How Oceanography has Changed over the last 100 Years

The seas had already been sailed for centuries, and a small amount of research had been conducted on the Gulf Stream, formation of atolls and the use of chronometers to map out latitude and longitude. Even so, the launching of the Challenger Expedition a little over 100 years ago is considered by many to be the beginning of modern oceanography.  

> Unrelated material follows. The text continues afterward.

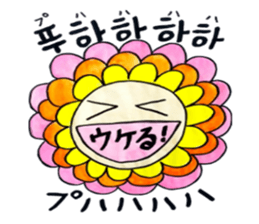 Korean-Japanese sunflower"tommy"~enjoy sticker #13270470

This venture, led by John Murray and Charles Wyville Thompson, set out from Portsmouth, England, in December of 1872 on a mission to record temperatures and chemistry of the sea water; measure ocean currents; determine the geology of the sea floor; and to discover the various types of creatures that lived in the water. The vessel traveled south on the Atlantic, around the Cape of Good Hope at the southern tip of Africa; sailed across the Indian Ocean to Australia and New Zealand; then to the Hawaiian Islands; then south around Cape Horn, the southern tip of South America. The mission ended in May of 1876, when HMS Challenger returned to England, after sailing a total of 68,890 miles.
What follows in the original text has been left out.